> _Task to carry out_: Please repeat only the lines below starting at the line that holds "Luxury 1000GSM Faux" and ending at the line that holds "custom moq 5", exactly, with both of those lines included and every picture omitted.

> _Data_:
□ □ □ □

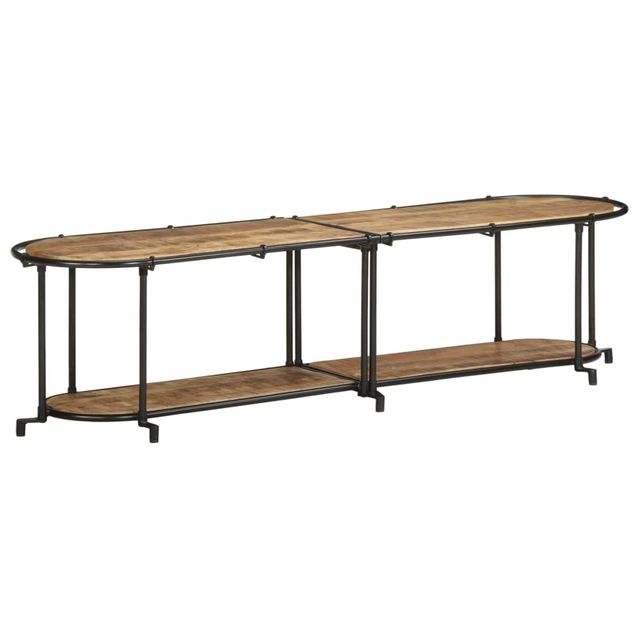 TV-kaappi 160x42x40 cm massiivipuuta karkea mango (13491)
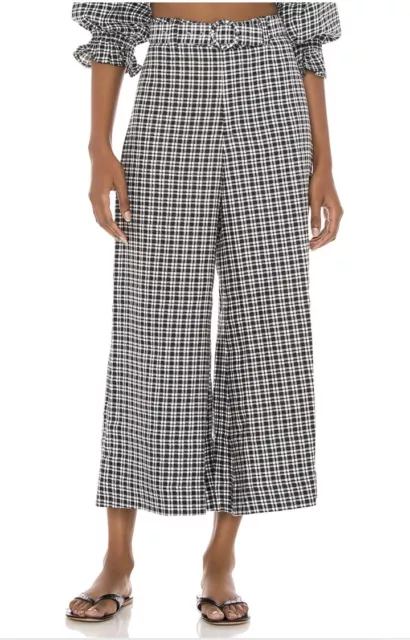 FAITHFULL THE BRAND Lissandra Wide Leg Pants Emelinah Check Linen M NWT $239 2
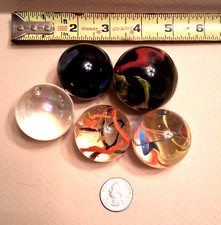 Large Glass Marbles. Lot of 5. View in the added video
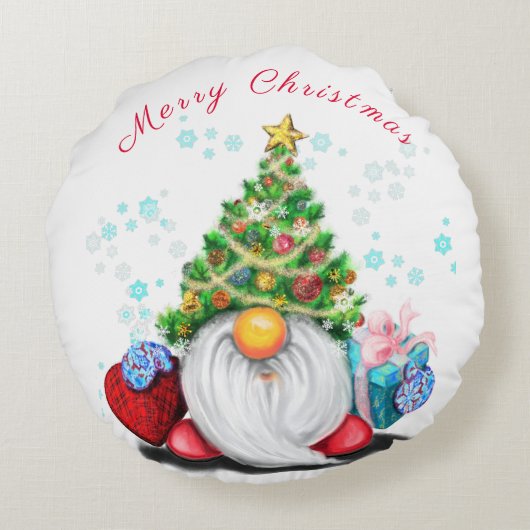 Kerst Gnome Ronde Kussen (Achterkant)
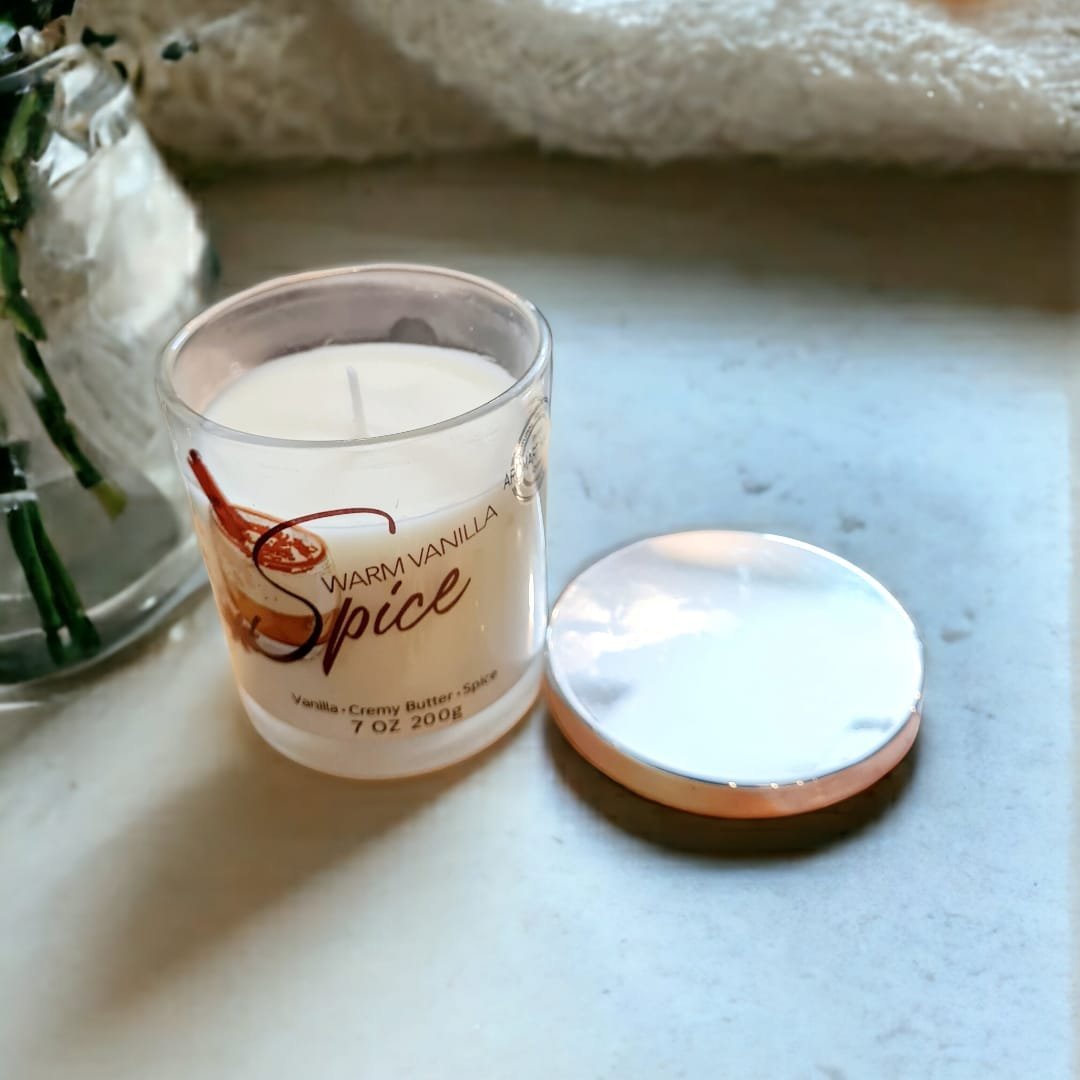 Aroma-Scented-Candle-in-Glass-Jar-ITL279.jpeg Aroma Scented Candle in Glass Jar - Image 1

□ □ □ □

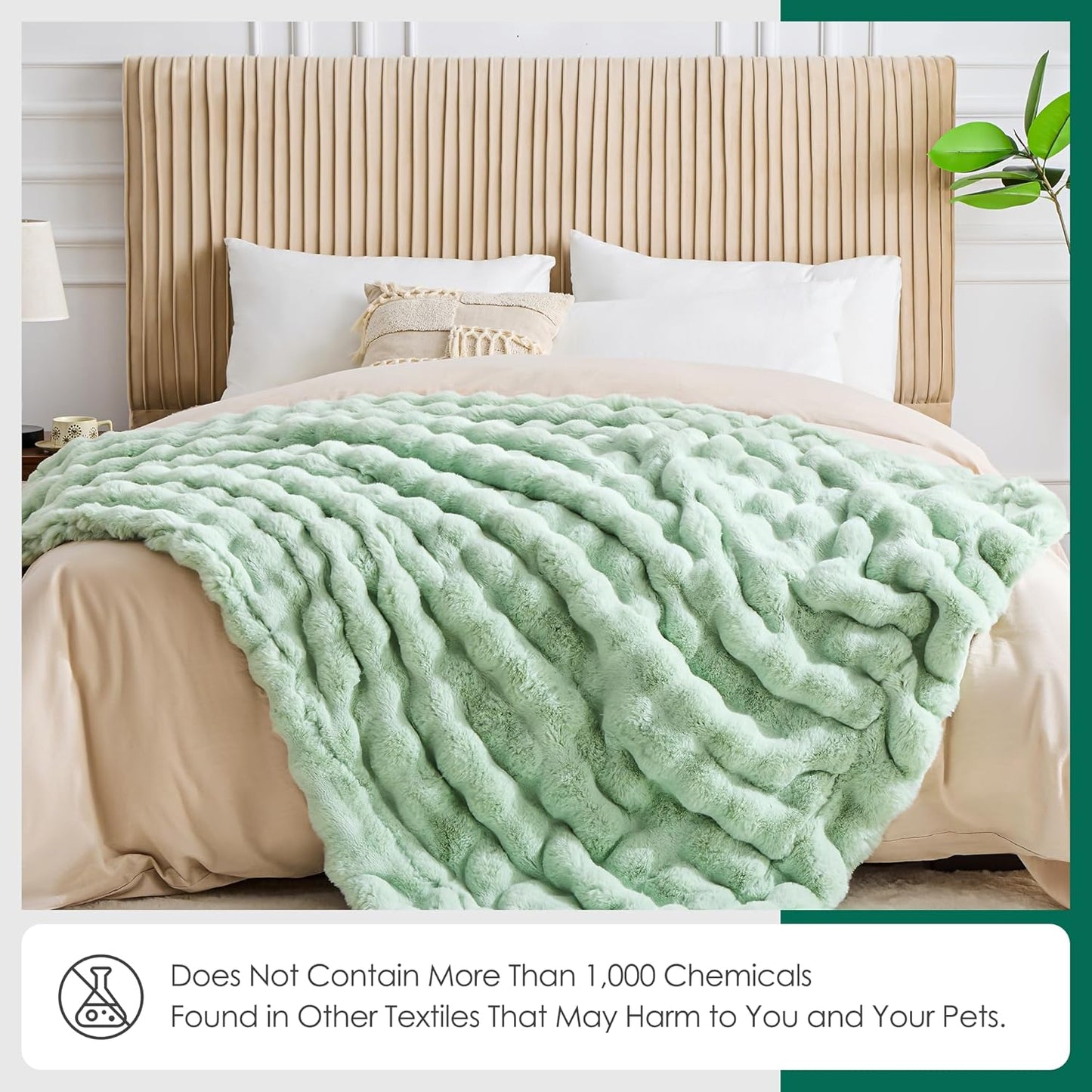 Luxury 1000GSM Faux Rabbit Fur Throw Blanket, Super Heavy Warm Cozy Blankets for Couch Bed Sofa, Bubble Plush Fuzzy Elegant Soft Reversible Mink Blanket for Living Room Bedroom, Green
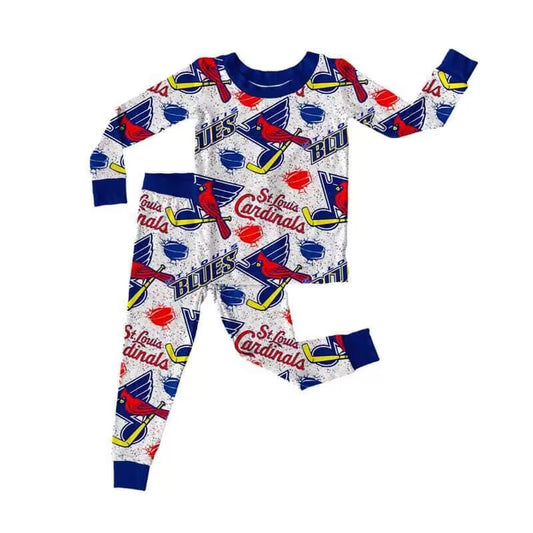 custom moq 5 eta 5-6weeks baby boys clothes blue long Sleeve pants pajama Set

□ □ □ □

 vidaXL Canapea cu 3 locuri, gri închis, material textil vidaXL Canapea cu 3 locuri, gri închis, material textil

□ □ □ □

> _Task answer_:
 Luxury 1000GSM Faux Rabbit Fur Throw Blanket, Super Heavy Warm Cozy Blankets for Couch Bed Sofa, Bubble Plush Fuzzy Elegant Soft Reversible Mink Blanket for Living Room Bedroom, Green
 custom moq 5 eta 5-6weeks baby boys clothes blue long Sleeve pants pajama Set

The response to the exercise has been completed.